The following statements do not purport to be indicative of the results
that would have been achieved if the assets of TC3M had been transferred
to 21ST CENTURY and the acquisitions of SMC and Peacock had been
consummated as of January 1, 1995, or of the results that may be achieved
in the future. The statements of operations should be read in conjunction
with the audited financial statements of 21ST CENTURY and TC3M and of SMC
and the unaudited financial statements of Peacock, all appearing
elsewhere in this Registration.
2. Acquisitions
SMC
Effective January 1, 1996, 21ST CENTURY acquired certain assets of SMC
for $1,649,365 as follows:
Cash $ 50,000
Notes payable 450,000
Common stock 1,127,610
Additional costs of acquisition $ 21,755
-----------
$ 1,649,365
===========
This acquisition was accounted for as a purchase and, accordingly, the
combined condensed statement of operations includes the results of
operations of SMC since the date of acquisition. The purchase price was
allocated to the assets acquired based on the estimated fair market
values at the date of acquisition as follows:
Property and equipment $ 834,989
FCC licenses 814,376
-----------
$ 1,649,365
===========
Peacock
Effective September 1, 1996, 21ST CENTURY acquired all assets and
liabilities of Peacock for $640,760 as follows:
Common Stock $ 621,653
Additional costs of acquisition $ 19,107
---------
$ 640,760
=========
The acquisition was accounted for as a purchase and, accordingly, the
combined condensed statements of operations will include the results of
operations after the date of acquisition.

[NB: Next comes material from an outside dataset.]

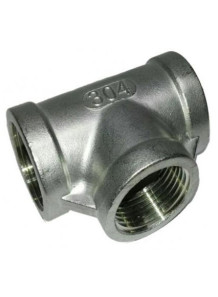  3-way joint (T) stainless steel 304, internal thread DN8 (1/4)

The purchase price was
allocated to the assets acquired based on the estimated fair market
values at the date of acquisition as follows:
Cash $ 115
Accounts receivable 69,203
Inventories 149,897
Prepaid expenses 4,370
Property and equipment 408,480
FCC licenses 219,834
Accounts payable (70,788)
Accrued expenses (15,280)
Notes payable (125,071)
---------
$ 640,760
=========
3. Income Taxes
There is no pro forma adjustment for the income taxes as the Company will
not realize the benefit of the historical losses.
August 21, 1996
Mr. John Peacock
Peacock's Radio & Wild's
Computer Services, Inc.
310 E. Polk Street
P.O. Box 2166
West Memphis, AR 72301
Dear John:
Pursuant to the Stock Purchase Agreement dated January 11, 1996, Article 2.1,
the purchase price of the stock (of Peacock Radio and Wilds Computer Service)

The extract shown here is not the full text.